O pedetista Sebastião dos Metalúrgicos, que aumentou os bens em cerca de R$ 178 mil, também disse que a declaração apresentada à Justiça Eleitoral é elaborada com base no imposto de renda. ''É o que o contador passou.'' Ele afirmou que os bens listados no documento apresentado à Justiça Eleitoral neste ano já foram divididos entre os filhos, ''mas como ainda não foram registrados estão declarados em meu nome''. No caso dele, em dois imóveis houve uma valorização de mais de R$ 150 mil nos últimos quatro anos. ''O contador faz uma revisão anual de todos os bens e pode haver atualizações'', afirmou. Argumento semelhante tem o peemedebista Tito Valle, com evolução de R$ 188 mil, apesar de manter os mesmos bens. ''Mantive o que já tinha (três imóveis e um carro), apenas atualizei os valores.''
Com aumento de R$ 103 mil em seus bens, o vereador Ivo de Bassi (PTB), servidor de carreira da Sercomtel, atribuiu o volume maior à sua aposentadoria. ''Eu me aposentei no ano passado e recebi cerca de R$ 80 mil do FGTS (Fundo de Garantia por Tempo de Serviço) que eu pude investir'', explicou ele. Mesmo aposentado ele continuou trabalhando e afirmou ter aderido a um plano de demissão incentivada na empresa que lhe gerou mais um benefício financeiro.
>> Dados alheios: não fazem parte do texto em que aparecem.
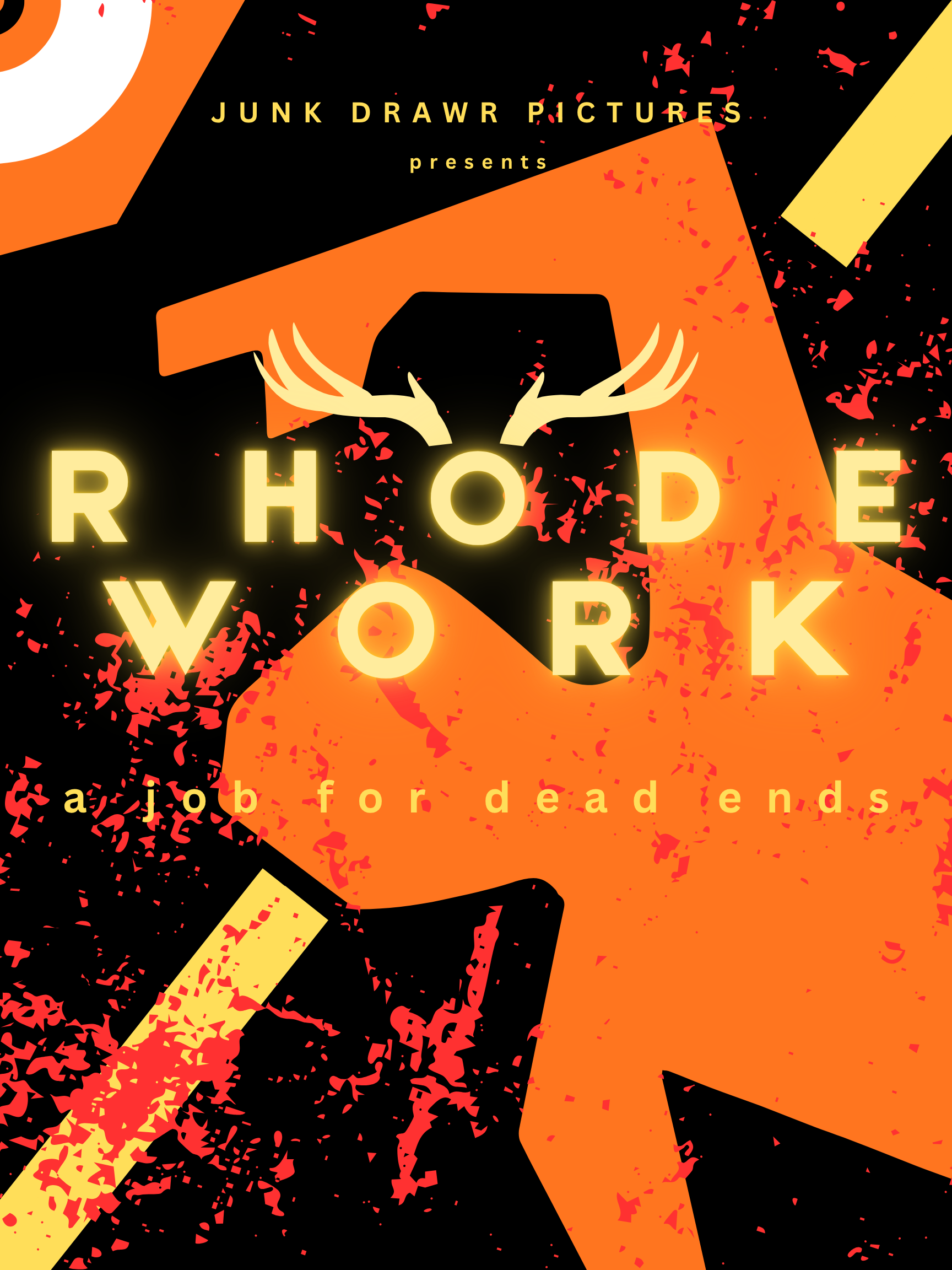 Rhode Work (2027)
José Roque Neto (PR) declarou como seu único bem, em 2008, apenas R$ 100. Na declaração atual ele registrou no TSE um carro no valor de R$ 35 mil. ''Eu estava na primeira campanha e vinha da atuação na Igreja e como padre não tinha bens em meu nome.'' Num breve período, entre a batina e a política, Roque fez outros trabalhos, ''mas não deu para acumular nada, ganhava hoje para comer amanhã''.

Recuo

Entre os cinco parlamentares que apresentaram queda no patrimônio, está Amauri Cardoso (PSDB) que tinha um total de R$ 207 mil, mas, pelo site do TSE, teve recuo para R$ 1,3 mil. Segundo ele, ''deve ter ocorrido algum equívoco, pois não mudou nada da última eleição para essa''. ''Declarei os mesmos bens, uma casa financiada e um carro.'' Cardoso disse que iria providenciar a retificação junto à Justiça Eleitoral.
Roberto da Farmácia do Vivi (PTC) também tem menos bens na atual declaração. Houve redução de R$ 140 mil. O parlamentar explicou que a mudança se deve à venda de veículos. ''Vendi carros que acabaram sendo incorporados à empresa da família'', justificou ele. Mas a situação mais curiosa está na declaração de Rodrigo Gouvêa (PTC). Ele está zerado. Não tinha bens a declarar em 2008 e continua sem posses no atual registro. ''Realmente não comprei nada nesse período, afinal é um salário de R$ 4 mil (livre), você pensa que é fácil?'', questionou ele. Sobre o carro que utiliza, ele informou que está no nome do pai.